Problem to solve
An exact restatement of the data below, with the pictures removed, is the required answer.

= = = = = = =

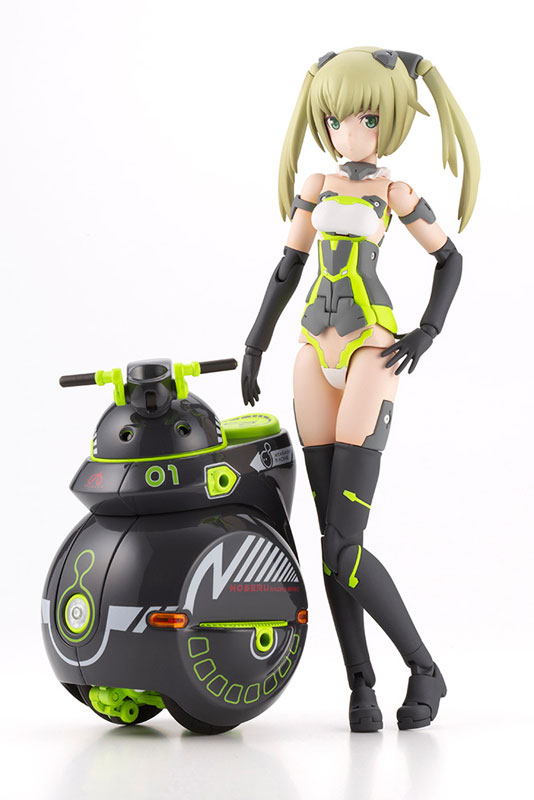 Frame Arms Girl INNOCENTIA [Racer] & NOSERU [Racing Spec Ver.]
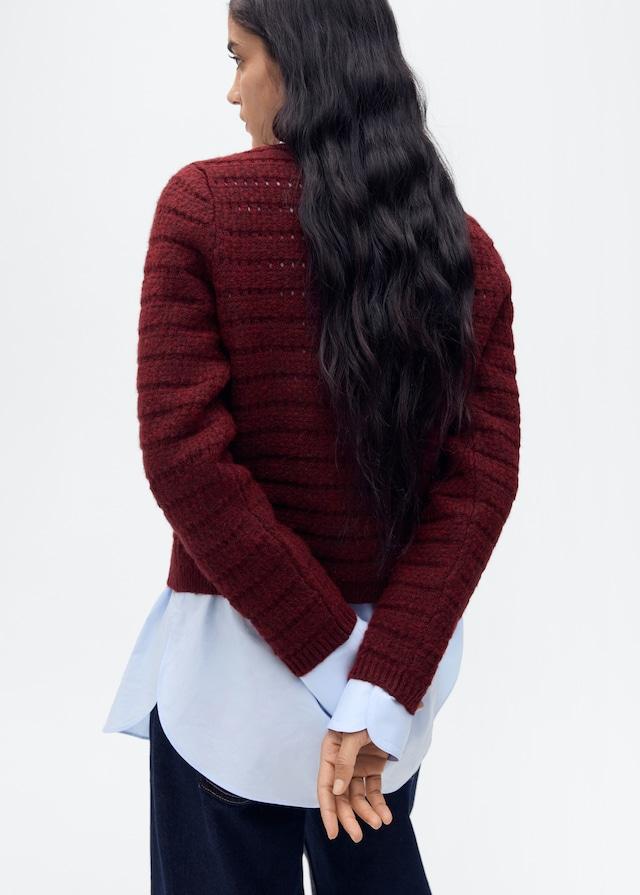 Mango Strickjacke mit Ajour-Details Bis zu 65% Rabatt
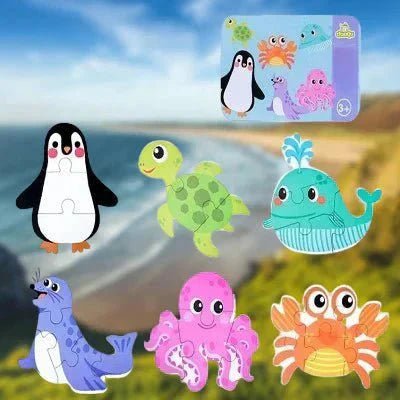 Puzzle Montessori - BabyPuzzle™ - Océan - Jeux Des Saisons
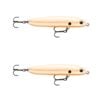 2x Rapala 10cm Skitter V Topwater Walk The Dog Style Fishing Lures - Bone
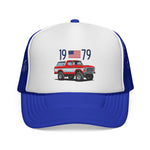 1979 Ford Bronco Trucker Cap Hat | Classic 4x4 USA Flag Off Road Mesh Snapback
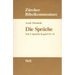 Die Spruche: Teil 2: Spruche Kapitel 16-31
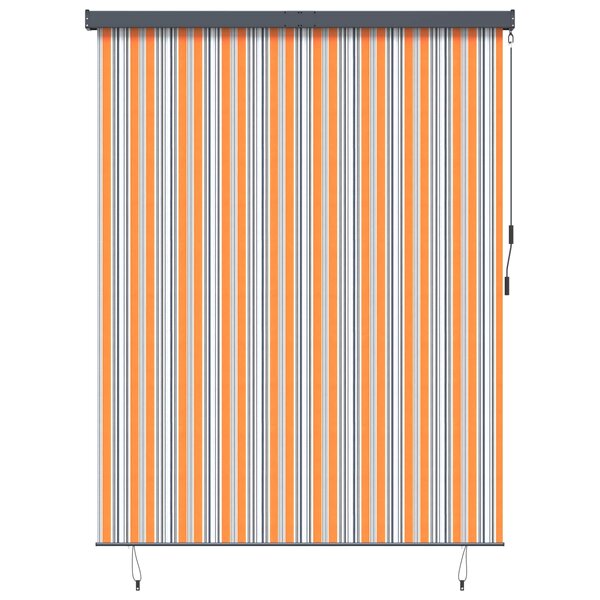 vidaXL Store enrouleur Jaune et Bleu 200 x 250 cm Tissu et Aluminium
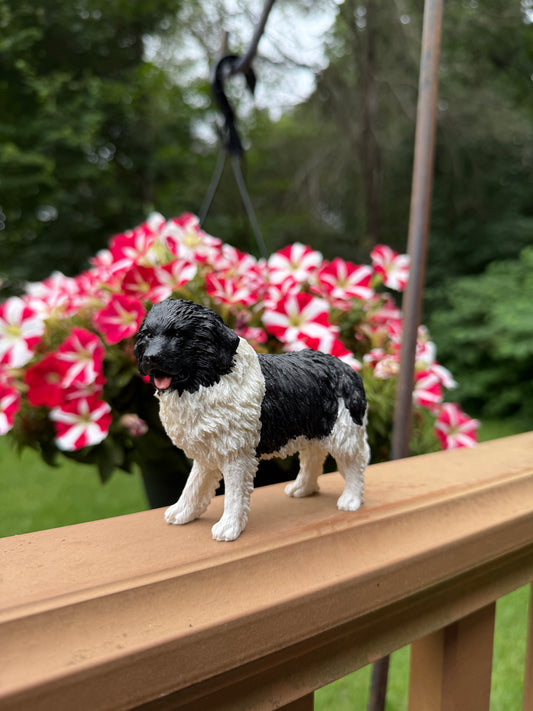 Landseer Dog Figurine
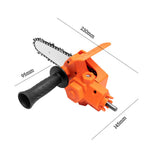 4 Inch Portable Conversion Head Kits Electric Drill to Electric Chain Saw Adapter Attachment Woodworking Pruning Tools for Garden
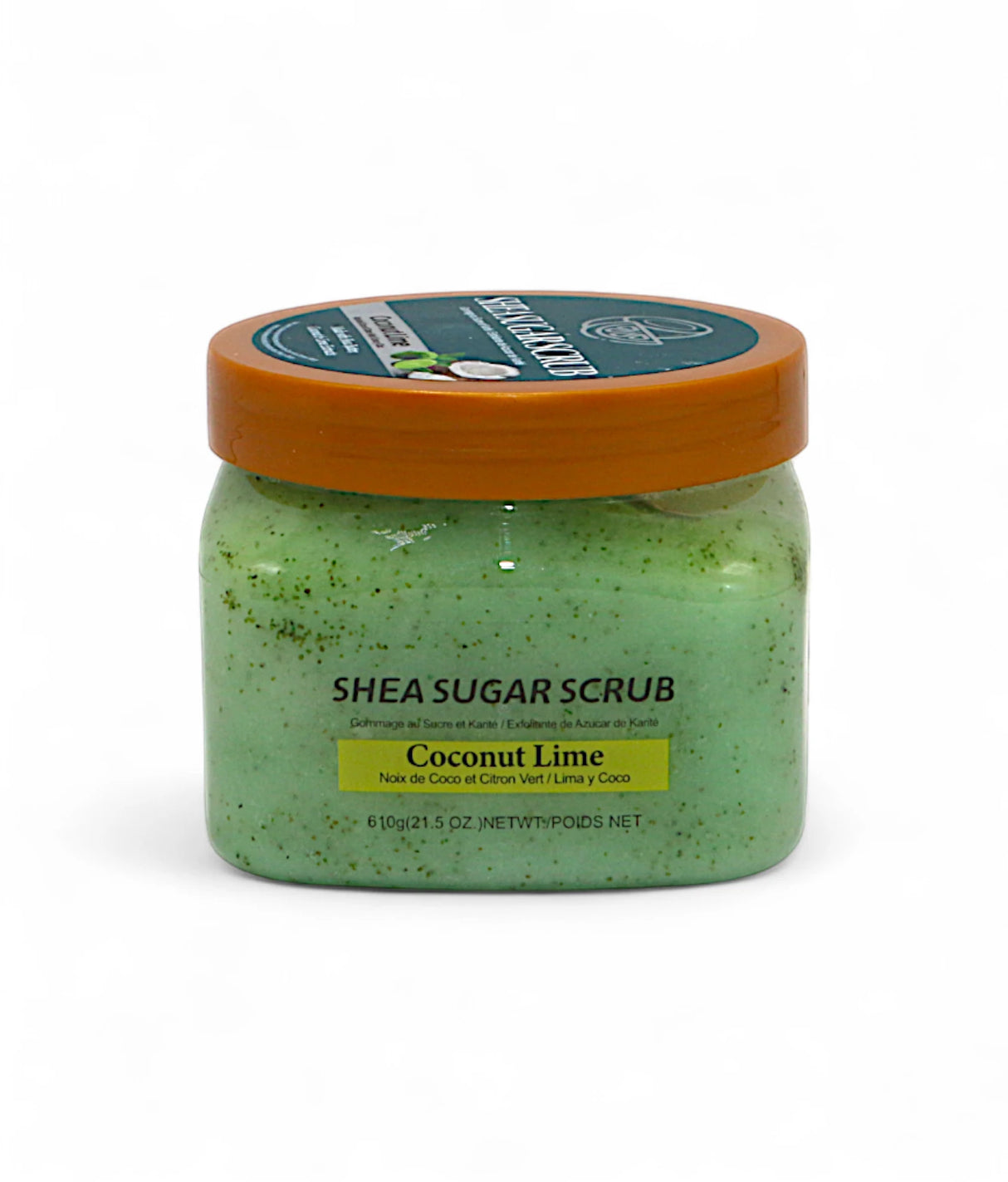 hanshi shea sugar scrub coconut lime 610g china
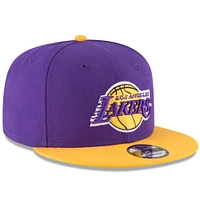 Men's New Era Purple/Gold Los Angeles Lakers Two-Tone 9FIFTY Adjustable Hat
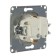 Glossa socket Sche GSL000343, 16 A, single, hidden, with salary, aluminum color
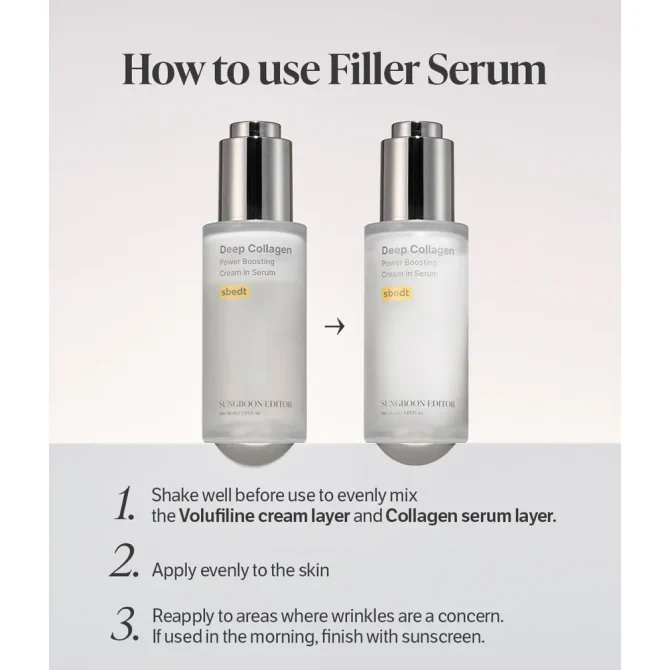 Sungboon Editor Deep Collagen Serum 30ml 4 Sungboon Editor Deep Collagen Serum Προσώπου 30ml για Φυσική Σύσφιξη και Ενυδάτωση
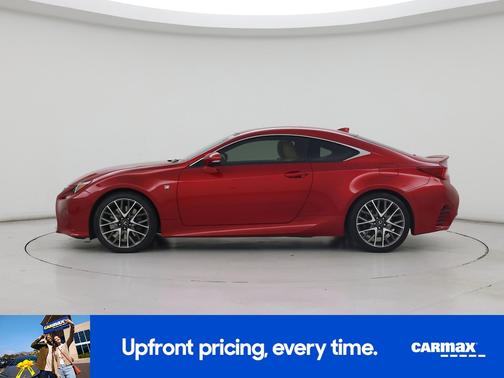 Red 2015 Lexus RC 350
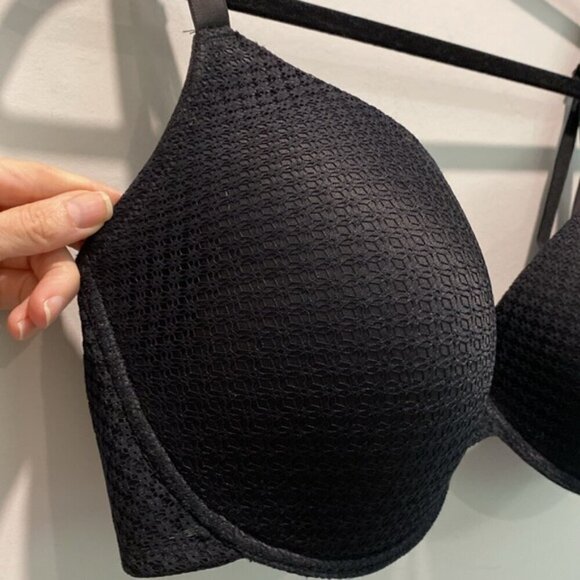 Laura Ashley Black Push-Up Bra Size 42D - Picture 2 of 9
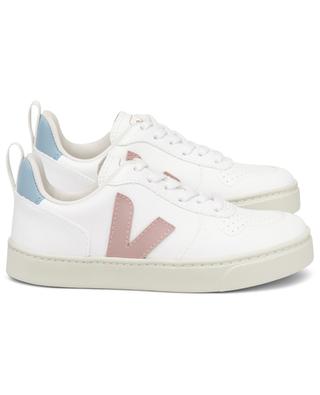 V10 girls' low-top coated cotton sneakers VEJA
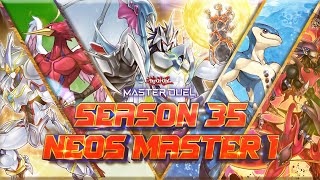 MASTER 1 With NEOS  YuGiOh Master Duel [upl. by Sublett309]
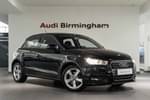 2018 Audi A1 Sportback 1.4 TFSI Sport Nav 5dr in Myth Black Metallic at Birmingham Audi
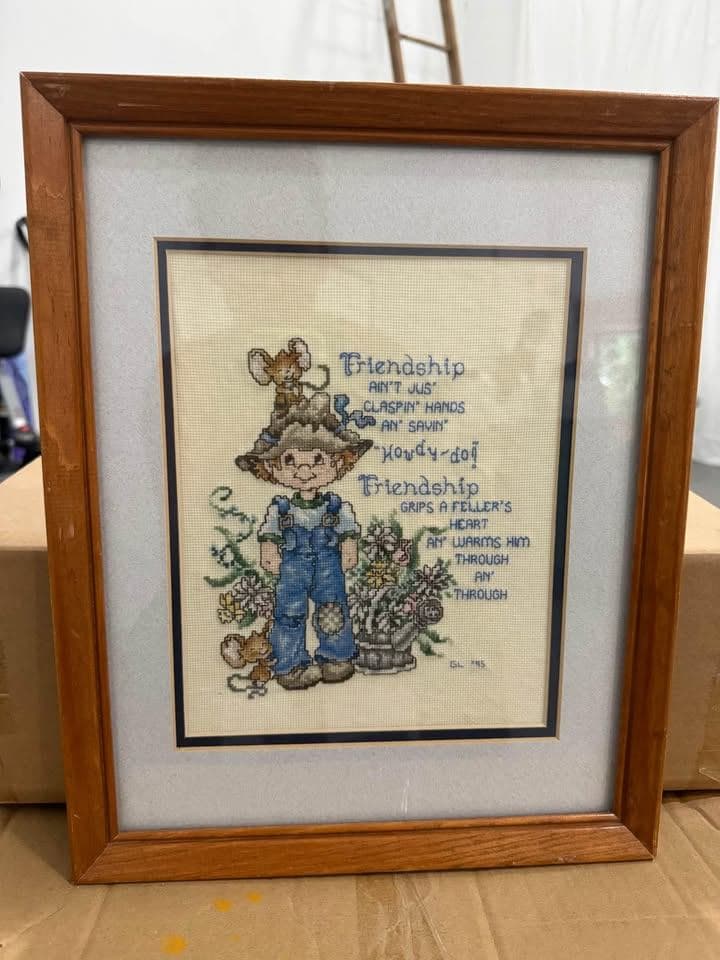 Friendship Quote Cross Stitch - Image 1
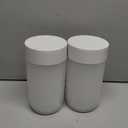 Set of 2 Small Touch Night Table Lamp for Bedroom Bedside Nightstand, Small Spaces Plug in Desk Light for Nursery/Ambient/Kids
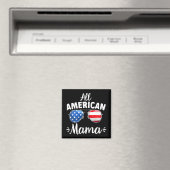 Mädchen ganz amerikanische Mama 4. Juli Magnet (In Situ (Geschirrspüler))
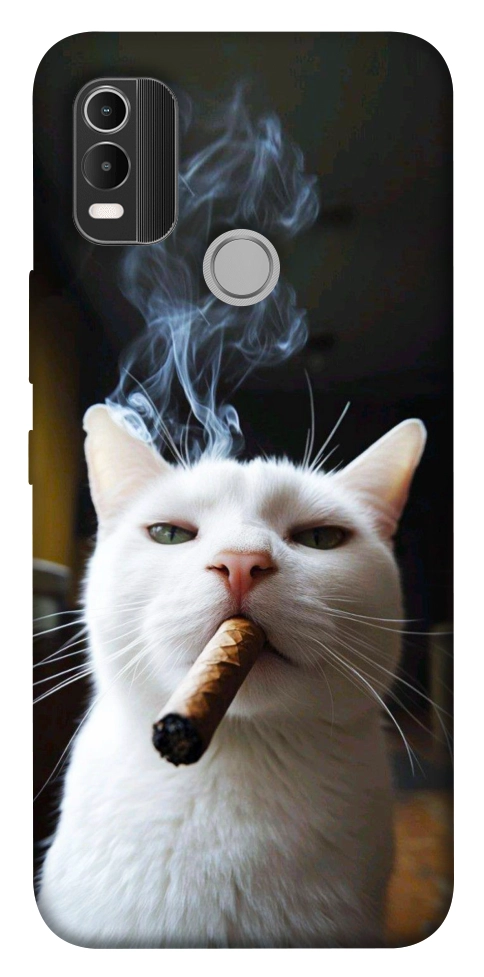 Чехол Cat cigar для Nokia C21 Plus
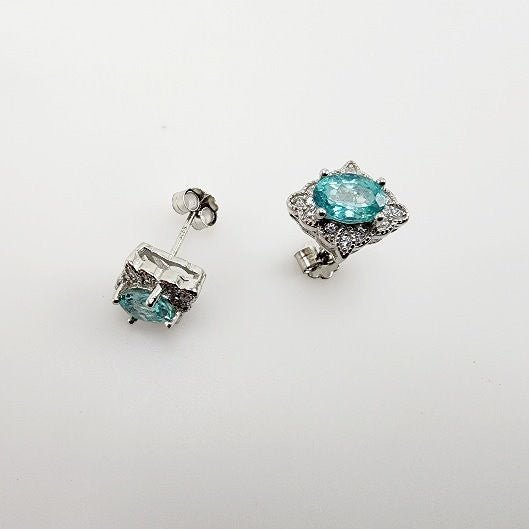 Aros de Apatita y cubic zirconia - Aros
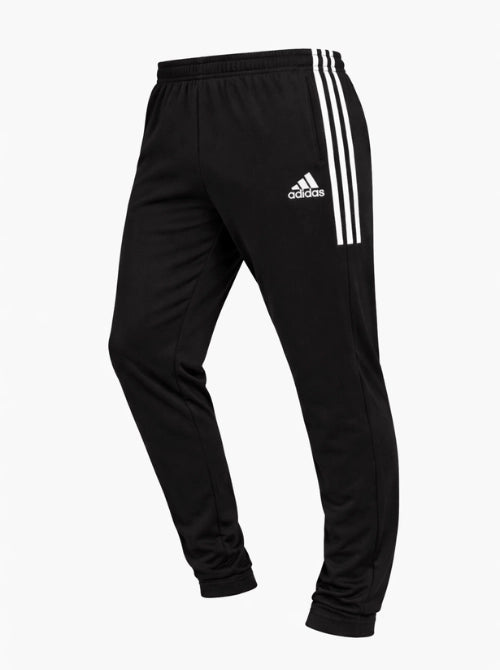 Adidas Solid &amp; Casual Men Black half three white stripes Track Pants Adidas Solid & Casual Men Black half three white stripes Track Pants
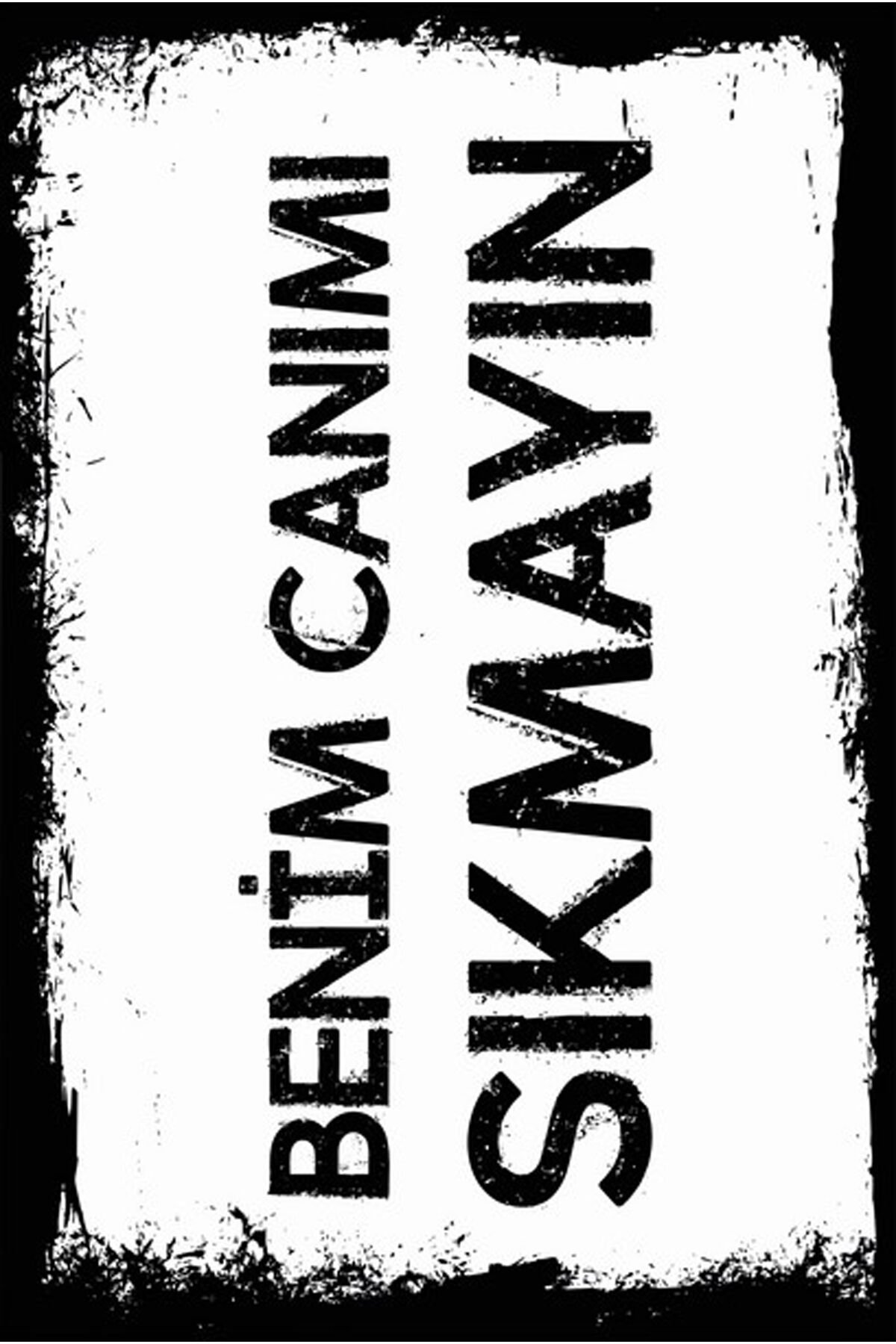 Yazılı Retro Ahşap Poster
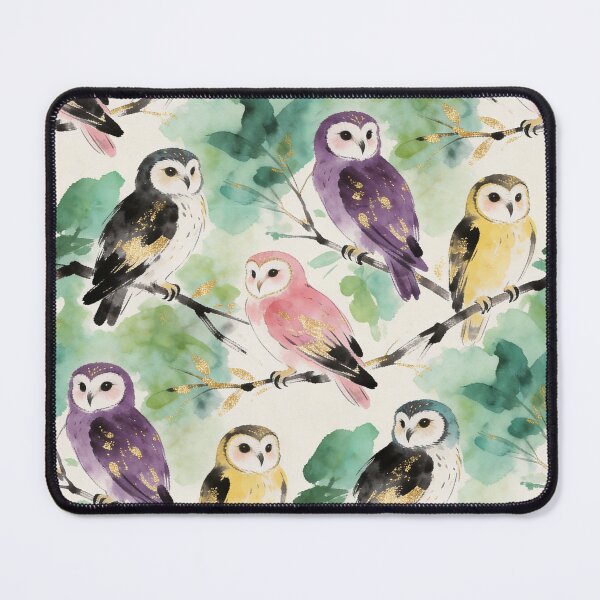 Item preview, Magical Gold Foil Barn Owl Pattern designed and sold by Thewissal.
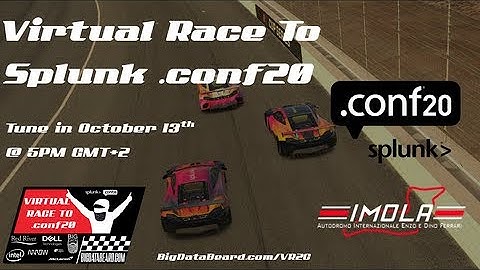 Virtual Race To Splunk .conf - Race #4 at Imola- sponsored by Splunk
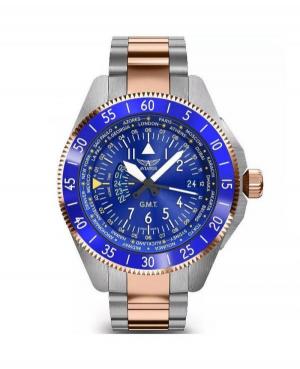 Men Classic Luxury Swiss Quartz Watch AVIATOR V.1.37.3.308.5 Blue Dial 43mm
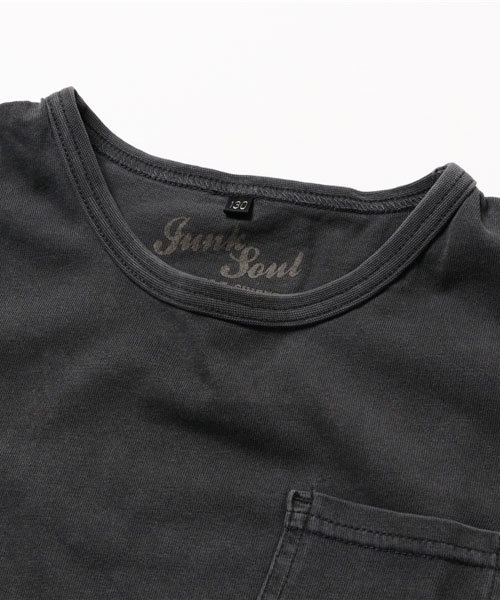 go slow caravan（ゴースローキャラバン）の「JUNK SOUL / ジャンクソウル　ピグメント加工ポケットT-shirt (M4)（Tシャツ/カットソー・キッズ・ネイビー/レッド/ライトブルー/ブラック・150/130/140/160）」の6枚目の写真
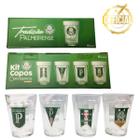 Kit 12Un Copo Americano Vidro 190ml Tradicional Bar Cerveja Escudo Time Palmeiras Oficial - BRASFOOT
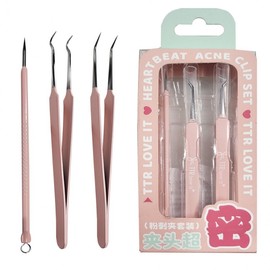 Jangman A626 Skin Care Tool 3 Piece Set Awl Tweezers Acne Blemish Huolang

= = = = = = =

Answer
 Frame Arms Girl INNOCENTIA [Racer] & NOSERU [Racing Spec Ver.]
 Mango Strickjacke mit Ajour-Details Bis zu 65% Rabatt
 Puzzle Montessori - BabyPuzzle™ - Océan - Jeux Des Saisons
 2x Rapala 10cm Skitter V Topwater Walk The Dog Style Fishing Lures - Bone
 1979 Ford Bronco Trucker Cap Hat | Classic 4x4 USA Flag Off Road Mesh Snapback
 Die Spruche: Teil 2: Spruche Kapitel 16-31
 vidaXL Store enrouleur Jaune et Bleu 200 x 250 cm Tissu et Aluminium
 Landseer Dog Figurine
 4 Inch Portable Conversion Head Kits Electric Drill to Electric Chain Saw Adapter Attachment Woodworking Pruning Tools for Garden
 hanshi shea sugar scrub coconut lime 610g china
 Men's New Era Purple/Gold Los Angeles Lakers Two-Tone 9FIFTY Adjustable Hat
 Glossa socket Sche GSL000343, 16 A, single, hidden, with salary, aluminum color
 Sungboon Editor Deep Collagen Serum 30ml 4 Sungboon Editor Deep Collagen Serum Προσώπου 30ml για Φυσική Σύσφιξη και Ενυδάτωση
 Red 2015 Lexus RC 350
 Laura Ashley Black Push-Up Bra Size 42D - Picture 2 of 9
 V10 girls' low-top coated cotton sneakers VEJA
 MASTER 1 With NEOS  YuGiOh Master Duel [upl. by Sublett309]
 2018 Audi A1 Sportback 1.4 TFSI Sport Nav 5dr in Myth Black Metallic at Birmingham Audi
 Friendship Quote Cross Stitch - Image 1
 Set of 2 Small Touch Night Table Lamp for Bedroom Bedside Nightstand, Small Spaces Plug in Desk Light for Nursery/Ambient/Kids
 Mädchen ganz amerikanische Mama 4. Juli Magnet (In Situ (Geschirrspüler))
 Чехол Cat cigar для Nokia C21 Plus
 Aros de Apatita y cubic zirconia - Aros
 Adidas Solid &amp; Casual Men Black half three white stripes Track Pants Adidas Solid & Casual Men Black half three white stripes Track Pants
 Yazılı Retro Ahşap Poster
 Item preview, Magical Gold Foil Barn Owl Pattern designed and sold by Thewissal.
 Virtual Race To Splunk .conf - Race #4 at Imola- sponsored by Splunk
 Men Classic Luxury Swiss Quartz Watch AVIATOR V.1.37.3.308.5 Blue Dial 43mm
 go slow caravan（ゴースローキャラバン）の「JUNK SOUL / ジャンクソウル　ピグメント加工ポケットT-shirt (M4)（Tシャツ/カットソー・キッズ・ネイビー/レッド/ライトブルー/ブラック・150/130/140/160）」の6枚目の写真
 Kit 12Un Copo Americano Vidro 190ml Tradicional Bar Cerveja Escudo Time Palmeiras Oficial - BRASFOOT
 Jangman A626 Skin Care Tool 3 Piece Set Awl Tweezers Acne Blemish Huolang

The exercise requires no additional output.